Soon, this place would turn into a battlefield, grass waiting to drink iron.

Not far away, the Beastkin’s killing intent and anger thickened like smoke, a wildfire feeding on wind.

He felt it with a Transcender’s senses, taut strings humming under a storm.

Slowly, a day slid by like a pale sun crossing a cold sky.

Eli wandered east and west through Nofir Forest, a fox threading shade, and reached the place he first met Raphael.

He arched a brow.

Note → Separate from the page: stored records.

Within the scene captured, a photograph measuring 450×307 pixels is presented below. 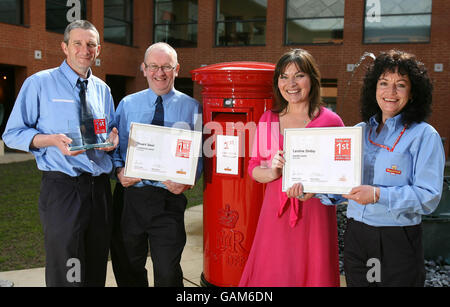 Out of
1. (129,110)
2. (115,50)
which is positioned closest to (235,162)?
(129,110)

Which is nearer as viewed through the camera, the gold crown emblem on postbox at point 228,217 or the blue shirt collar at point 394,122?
the blue shirt collar at point 394,122

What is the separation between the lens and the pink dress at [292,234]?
90.2 inches

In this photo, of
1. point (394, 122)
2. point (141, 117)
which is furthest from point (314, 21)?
point (394, 122)

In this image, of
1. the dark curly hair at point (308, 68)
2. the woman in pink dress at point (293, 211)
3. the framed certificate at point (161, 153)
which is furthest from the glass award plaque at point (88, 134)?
the dark curly hair at point (308, 68)

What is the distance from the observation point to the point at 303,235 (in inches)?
90.5

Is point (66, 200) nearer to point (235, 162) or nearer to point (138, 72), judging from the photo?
point (235, 162)

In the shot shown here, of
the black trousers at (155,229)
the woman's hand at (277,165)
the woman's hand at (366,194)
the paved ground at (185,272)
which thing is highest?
the woman's hand at (277,165)

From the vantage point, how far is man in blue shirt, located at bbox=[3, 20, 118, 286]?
243 cm

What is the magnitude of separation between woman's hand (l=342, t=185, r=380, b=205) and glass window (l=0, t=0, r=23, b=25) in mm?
13929

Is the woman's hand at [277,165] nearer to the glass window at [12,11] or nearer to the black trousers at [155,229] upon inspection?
the black trousers at [155,229]

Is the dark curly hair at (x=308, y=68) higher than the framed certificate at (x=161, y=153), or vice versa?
the dark curly hair at (x=308, y=68)

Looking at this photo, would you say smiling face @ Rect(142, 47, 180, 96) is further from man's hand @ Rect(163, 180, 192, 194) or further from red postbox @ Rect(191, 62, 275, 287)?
man's hand @ Rect(163, 180, 192, 194)

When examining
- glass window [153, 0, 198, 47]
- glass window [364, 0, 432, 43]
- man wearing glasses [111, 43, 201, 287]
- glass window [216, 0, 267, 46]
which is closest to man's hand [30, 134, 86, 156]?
man wearing glasses [111, 43, 201, 287] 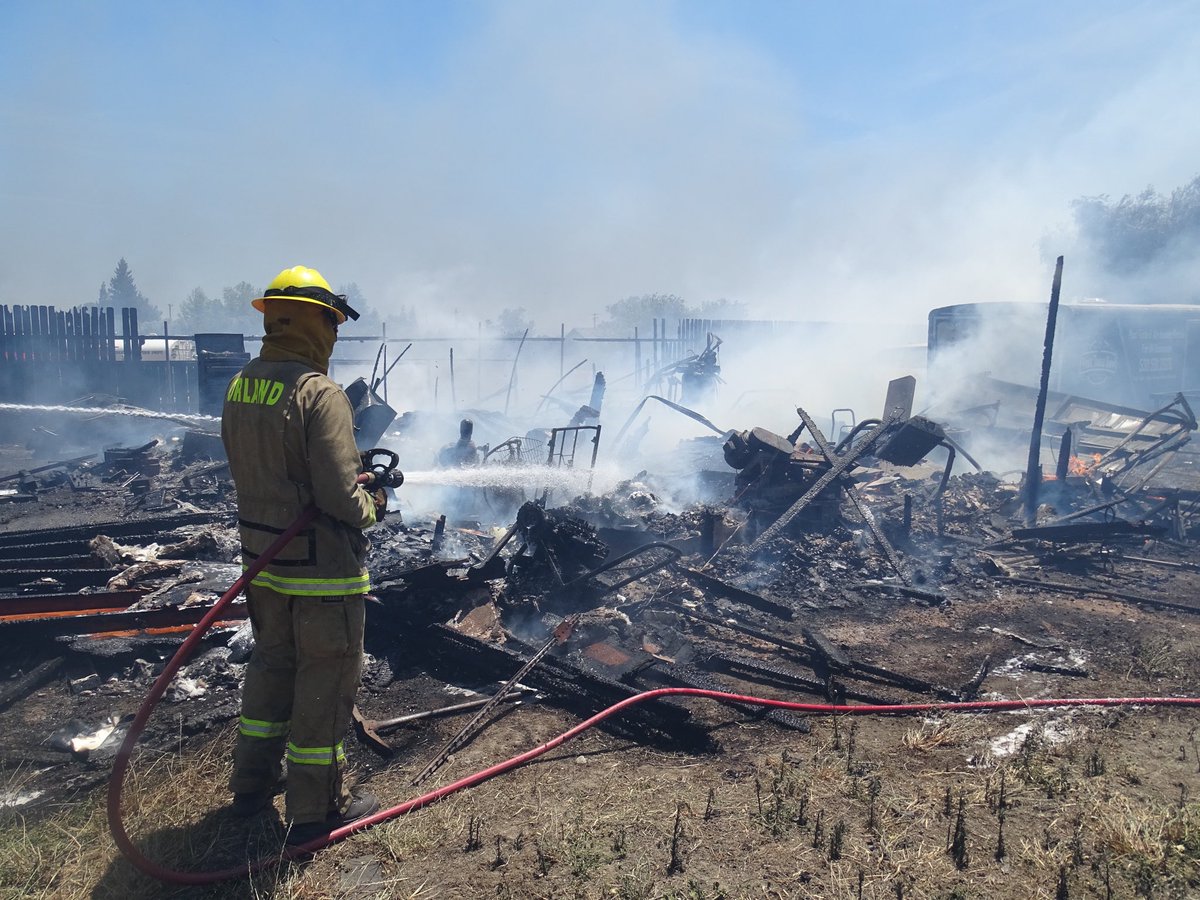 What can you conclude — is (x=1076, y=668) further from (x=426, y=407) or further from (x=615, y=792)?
(x=426, y=407)

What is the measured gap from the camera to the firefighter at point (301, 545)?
122 inches

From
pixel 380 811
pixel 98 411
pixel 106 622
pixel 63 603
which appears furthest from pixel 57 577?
pixel 98 411

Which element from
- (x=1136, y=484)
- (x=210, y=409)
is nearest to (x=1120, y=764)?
(x=1136, y=484)

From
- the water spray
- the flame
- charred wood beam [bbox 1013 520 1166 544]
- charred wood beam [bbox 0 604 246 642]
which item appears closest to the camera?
charred wood beam [bbox 0 604 246 642]

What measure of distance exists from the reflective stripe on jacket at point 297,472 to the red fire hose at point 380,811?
0.34 feet

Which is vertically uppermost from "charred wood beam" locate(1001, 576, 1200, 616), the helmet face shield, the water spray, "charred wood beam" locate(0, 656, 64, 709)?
the helmet face shield

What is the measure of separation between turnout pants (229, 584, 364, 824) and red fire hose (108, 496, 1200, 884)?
0.19m

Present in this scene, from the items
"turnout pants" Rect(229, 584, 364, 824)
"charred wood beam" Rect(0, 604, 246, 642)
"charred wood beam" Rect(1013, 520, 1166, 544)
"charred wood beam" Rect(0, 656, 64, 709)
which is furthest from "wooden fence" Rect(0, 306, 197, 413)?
"charred wood beam" Rect(1013, 520, 1166, 544)

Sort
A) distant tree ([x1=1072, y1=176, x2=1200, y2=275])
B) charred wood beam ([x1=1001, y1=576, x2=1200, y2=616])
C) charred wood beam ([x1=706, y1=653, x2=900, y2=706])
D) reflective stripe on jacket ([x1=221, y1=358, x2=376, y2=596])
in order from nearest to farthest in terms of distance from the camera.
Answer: reflective stripe on jacket ([x1=221, y1=358, x2=376, y2=596]) < charred wood beam ([x1=706, y1=653, x2=900, y2=706]) < charred wood beam ([x1=1001, y1=576, x2=1200, y2=616]) < distant tree ([x1=1072, y1=176, x2=1200, y2=275])

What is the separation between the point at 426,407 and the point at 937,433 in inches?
758

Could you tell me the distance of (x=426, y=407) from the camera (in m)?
25.8

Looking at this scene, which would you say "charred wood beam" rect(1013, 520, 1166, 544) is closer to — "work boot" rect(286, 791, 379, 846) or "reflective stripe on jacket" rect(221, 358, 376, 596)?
"work boot" rect(286, 791, 379, 846)

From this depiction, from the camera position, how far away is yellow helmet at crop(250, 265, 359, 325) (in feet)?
10.6

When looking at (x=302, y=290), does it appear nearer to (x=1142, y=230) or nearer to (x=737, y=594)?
(x=737, y=594)
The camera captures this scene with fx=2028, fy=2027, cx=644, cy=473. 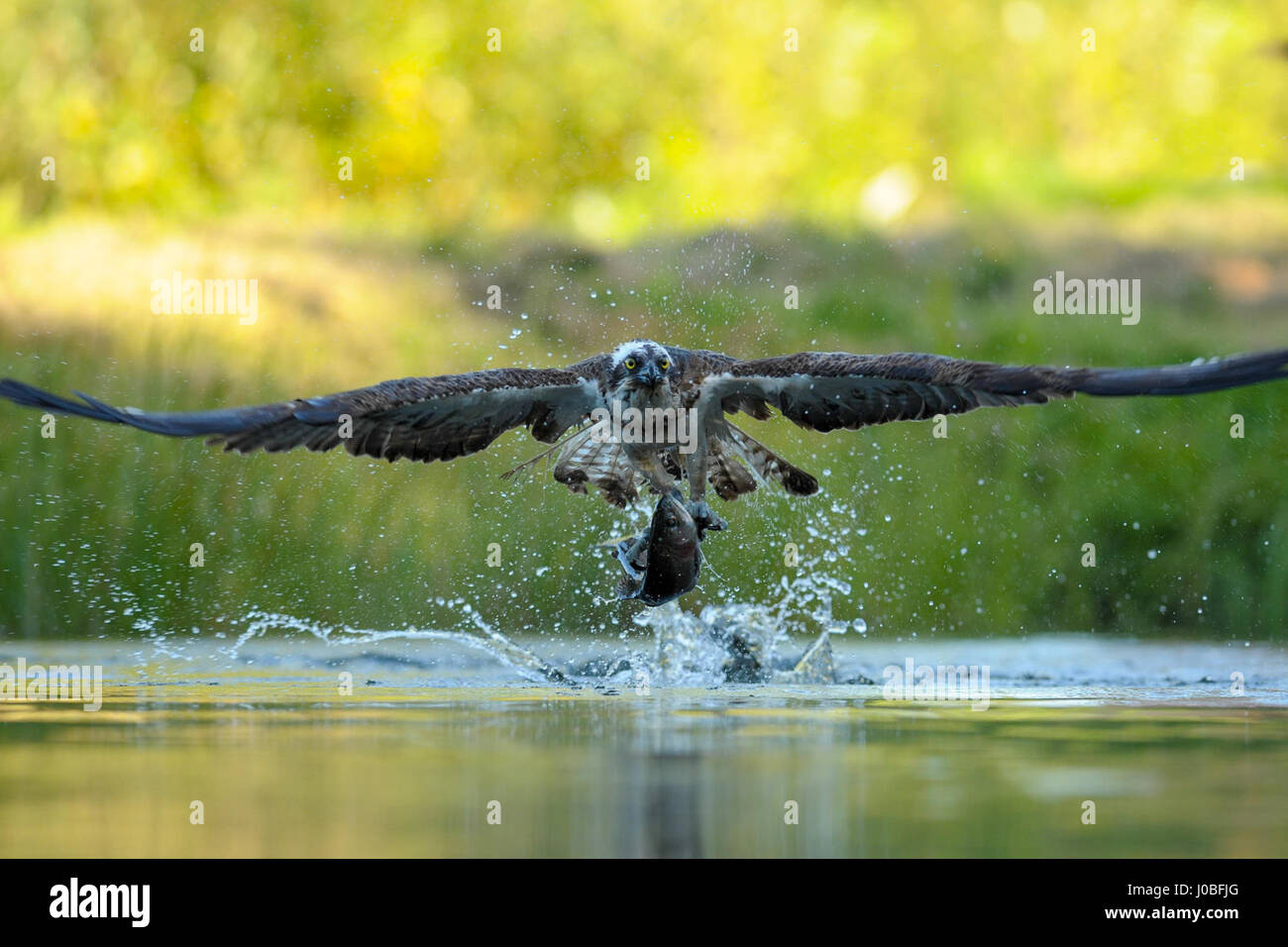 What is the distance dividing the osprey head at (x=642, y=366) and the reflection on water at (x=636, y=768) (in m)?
1.83

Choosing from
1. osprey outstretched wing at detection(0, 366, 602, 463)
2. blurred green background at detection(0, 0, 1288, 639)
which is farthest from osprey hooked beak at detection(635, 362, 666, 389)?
blurred green background at detection(0, 0, 1288, 639)

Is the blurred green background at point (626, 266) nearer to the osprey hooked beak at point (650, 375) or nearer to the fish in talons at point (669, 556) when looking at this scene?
the fish in talons at point (669, 556)

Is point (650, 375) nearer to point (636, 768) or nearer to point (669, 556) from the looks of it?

Raphael was under punishment in the Elven City, law’s chill hand on his shoulder, so this spot sat empty like an abandoned nest.

Eli shrugged. “Then I’ll take it,” he said, opportunity opening like a door.

He pushed the door, and iron gleamed back—countless instruments of torment and prisoner beds set like altars in the central hall.

Eli frowned, a shadow settling between his brows, found Raphael’s rest room, and sat cross-legged on the bed like a stone Buddha.

From him as the center, the floor bloomed a pure white magic circle, a frost flower spanning thirty meters.

Eli blinked. “White energy? Does becoming a Transcender strip old stains and return you to the first state, like spring cleaning bone?”

“Transcender… Transcender.” Doubt pricked first, and he looked at his hands, lines crisp as river marks.

“I don’t even have a complete Divinity. How could I be a Transcender?”

“Is all this because of Birand?” He clicked his tongue. “Guess that’s the read—those memories sealed that guy’s Divinity, and now it fuses with me and releases.”

“The more I search, the closer the fusion?” The thought pressed like a lid.

“You’ve got twisted taste, Birand,” he said, a bitter smile slicing thin.

Boom!

From the Beastkin camp not far away, a massive rumble rolled out, thunder kicking dust.

Every lurking faction fixed their gaze on the Beastkin like iron drawn to a magnet, eyes sharp as arrows.

Eli opened his eyes and slanted a look that way, calm water hiding stone.

He arched a brow. “That’s not the Beastkin’s aura.”